Colonel Mustard Tharavadu comes accompanied by high expectations. It is frequently rated at number one of over 1,400 restaurants and eateries in Leeds (it’s currently fifth at the time of writing, but these things change rapidly), during National Curry Week last May it was rated by that same site as one of Britain’s top ten Indian restaurants, while its own website boasts of its recommendation in the Michelin Restaurant Guide. That’s a lot to live up to and at times it feels like merely serving up a meal notably better than your average curry house is not enough. Perhaps its reputation counts against it here as something it could never live up to.

You may remember that this was the restaurant that we had intended to enjoy on our first night of moving to Leeds, but its high reputation made it impossible to get a table (even on this occasion, a weekday and early in the evening – we were off to the theatre afterwards, this was the only time at which we could get one without booking), leaving us to go to the city’s other Kerala Restaurant and receive some of the worst service I have ever had. There were no such problems here, the service was efficient and attentive. And yet the food, although enjoyable, in places lacked such elements that made the other restaurant’s Kerala quality distinct from other Indian regional foods, things like the little flakes of toasted coconut.

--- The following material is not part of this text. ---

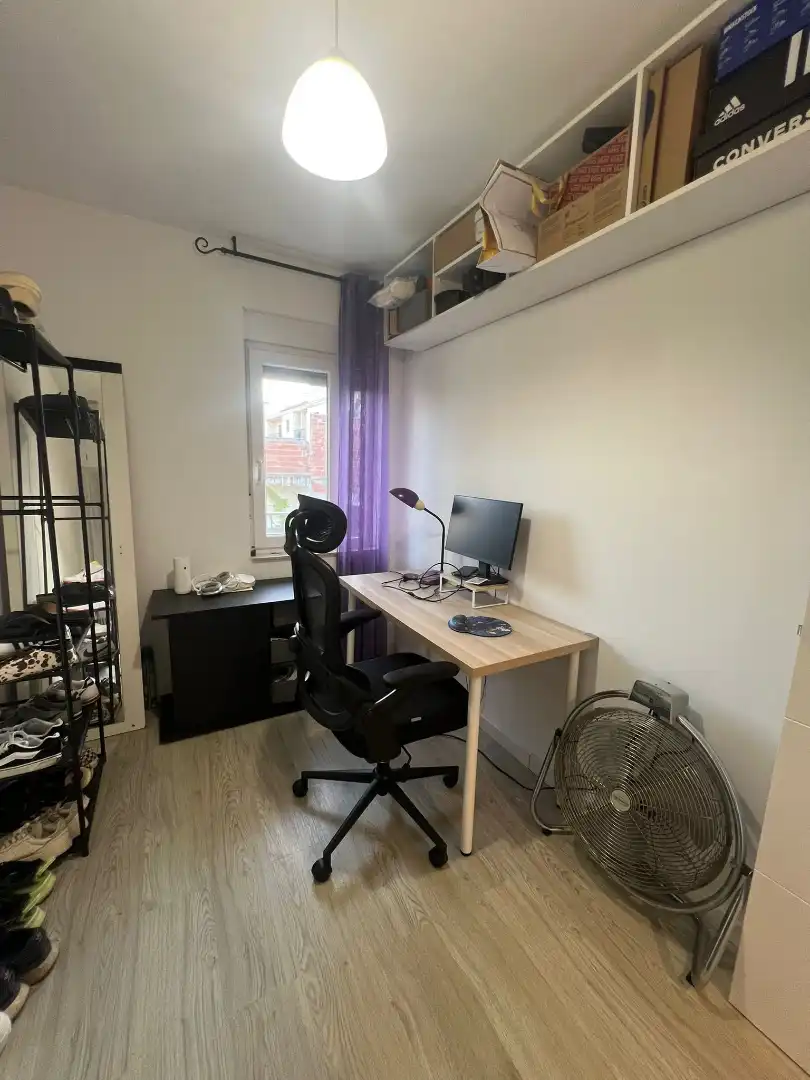 Piso en venta en Ontinyent con Aire acondicionado, Parquet y Amueblado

It would be churlish to dwell overly much on this comparison, however, as the food at Tharavadu is almost universally pleasing, even if none of it excels spectacularly. The friend that we went with had been before and recommended the dosa, referred to on the menu as a pancake but essentially a giant samosa, which made a thoroughly satisfying starter for the three of us, especially with the addition of an enormously generous mixed seafood selection (if we are going to compare this with the other Kerala Restaurant, then Tharavadu certainly wins on this count against the handful of battered prawns that we had to wait almost an hour for there).

My main was a chicken curry in a peppery sauce that was surprisingly reminiscent of the historic curry that I had once prepared from an eighteenth-century recipe. The dish itself was pleasant but unremarkable, perhaps lacking in the range of spicy flavours that I was hoping for, but the accompanying flatbread – the paratha – made of delicate buttery layers like a mid-point between a naan and a puff pastry made an enjoyable change from the usual.

In all, Tharavadu is a good quality curry restaurant whose Kerala food offers something slightly out of the ordinary, but is perhaps neither spectacular nor novel enough entirely to earn its reputation among the very best.